Why Leaders Fail

Why Leaders Fail

Immediate solutions are enticing and easy.


Under British rule in India, deaths from snakebites were alarmingly frequent, involving cobras, common kraits, Russell's vipers, and saw-scaled vipers.

The British authorities offered bounties for dead cobras to cut down their numbers. Initially, this strategy worked. However, enterprising individuals in India started breeding cobras instead of killing them, leading to a surge in the cobra population and a flood of dead cobras for which the British had to pay large bounties.

The British soon discovered the clandestine operation and stopped offering bounties. Consequently, with no reason to capture or breed cobras, they were all released, causing an even bigger problem than before.

Leadership failure; Management success

In the Cobra Case-Study above, the managers of the operations were indeed successful in that dead snakes were brought over in droves helping alleviate the snake population. However the leadership failure was that unintended consequences were not considered prior to launching the plan.

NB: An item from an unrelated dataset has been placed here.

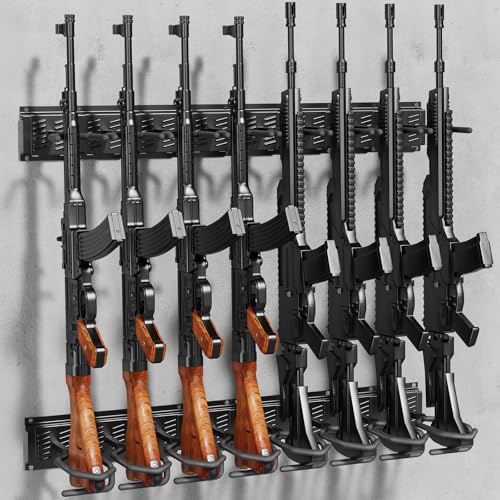 8-Slot Heavy Duty Wall Gun Rack for Rifles & Shotguns - Secure Display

While the two are often confused, significant differences do exist. For instance, the straightforward solution applied to decrease the cobra population failed to consider potential outcomes, underlying assumptions, and explore more strategic approaches.

Managers focus on daily operations, while leaders imagine future success and motivate teams to reach it. Both roles are essential. Leaders also enable team members to share their ideas and find greater purpose in their work.

The US Military illustrates this well through the organizational structure of its leadership, particularly in the top two positions for each company, battalion, or regiment. There is a senior enlisted sergeant major who concentrates on current operations, while the officer focuses on planning and shaping the future direction of the organization.

Leaders must create psychological safety in the workplace

Alan Mullaly, who previously led Boeing, took on the role of CEO at Ford during a period marked by declining stock values, exceedingly low employee morale, and a $17 billion annual loss.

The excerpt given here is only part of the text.